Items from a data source
● ● ●
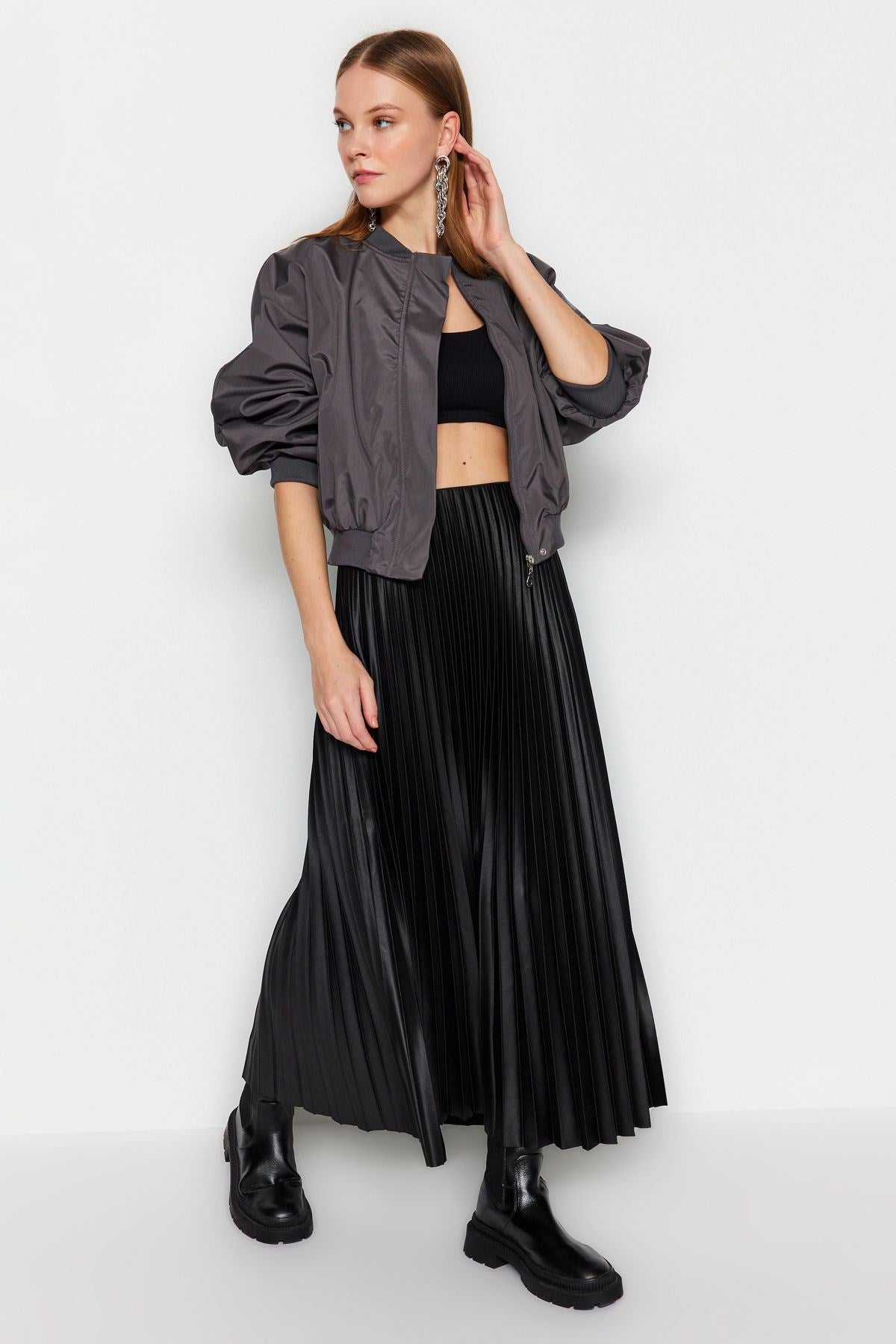 Black Pleated Maxi Knitted Skirt Twoss24et00041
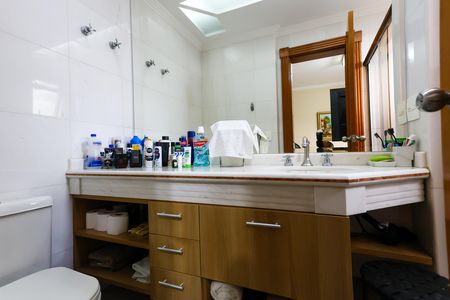 Apartamento à venda com 690m², 5 quartos e 7 vagas Apartamento à venda com 690m², 5 quartos e 7 vagasBanheiro da Suíte 4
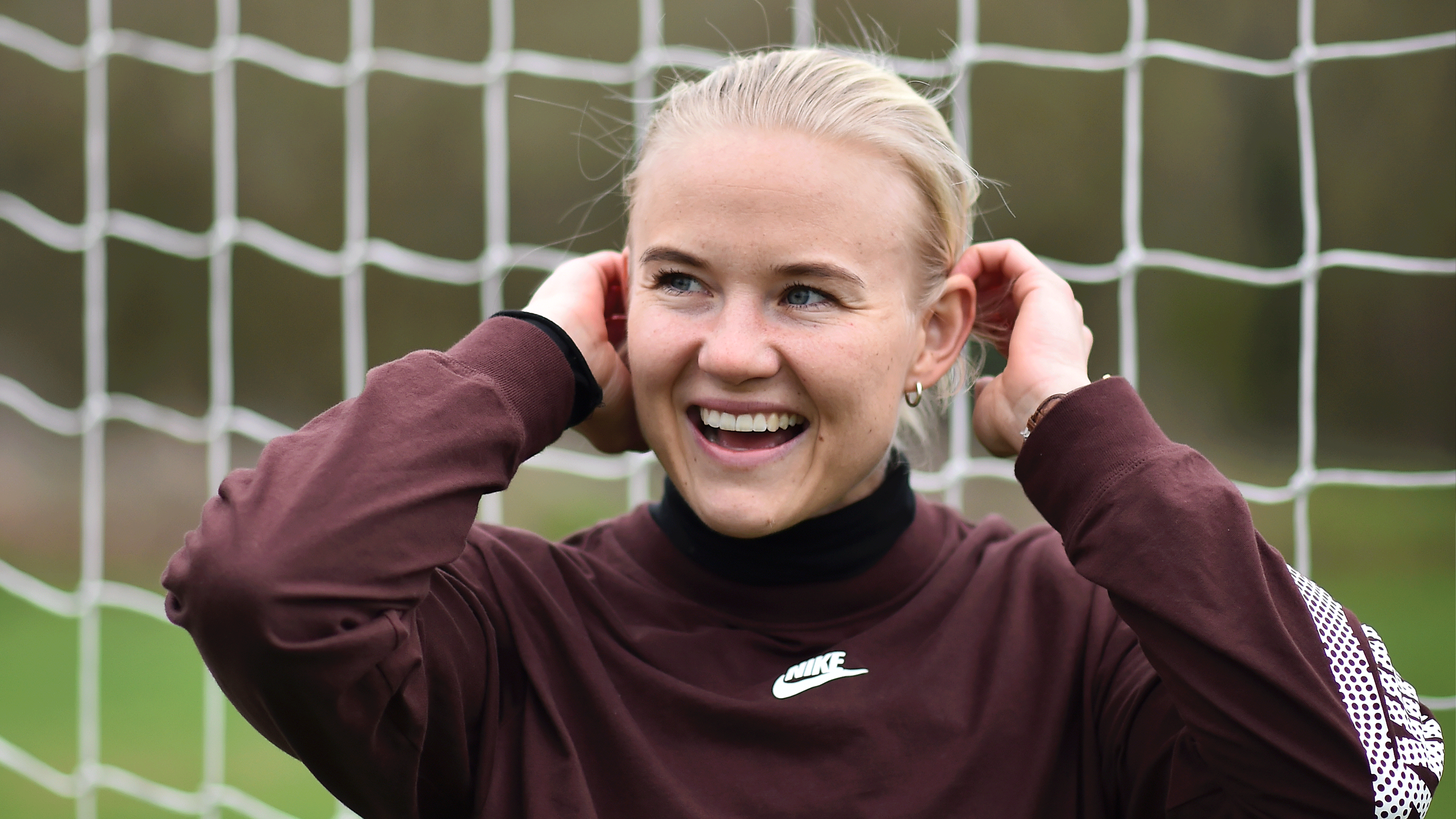 Pernille Harder Fodboldlandsholdet Og ISI Idrtsefterskole1portrt2223pernilleharderfotoharrietlander2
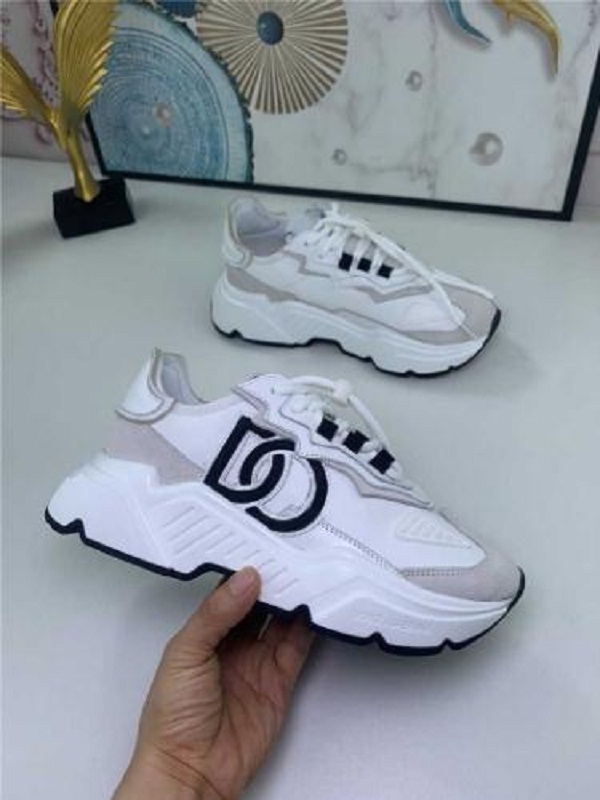 2023 shoes sneaker dunks Designer Mens Women Skate Casual Shoes Chunky Gold black white green red sneakers 35-45
2023 shoes sneaker dunks Designer Mens Women Skate Casual Shoes Chunky Gold black white green red sneakers 35-45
● ● ●
_INSTRUCTIONS FOR THE TASK_
In the copy, omit the pictures and give every line of the data exactly.

_ANSWER SPACE_
 Black Pleated Maxi Knitted Skirt Twoss24et00041
 Apartamento à venda com 690m², 5 quartos e 7 vagas Apartamento à venda com 690m², 5 quartos e 7 vagasBanheiro da Suíte 4
 Pernille Harder Fodboldlandsholdet Og ISI Idrtsefterskole1portrt2223pernilleharderfotoharrietlander2
 2023 shoes sneaker dunks Designer Mens Women Skate Casual Shoes Chunky Gold black white green red sneakers 35-45
2023 shoes sneaker dunks Designer Mens Women Skate Casual Shoes Chunky Gold black white green red sneakers 35-45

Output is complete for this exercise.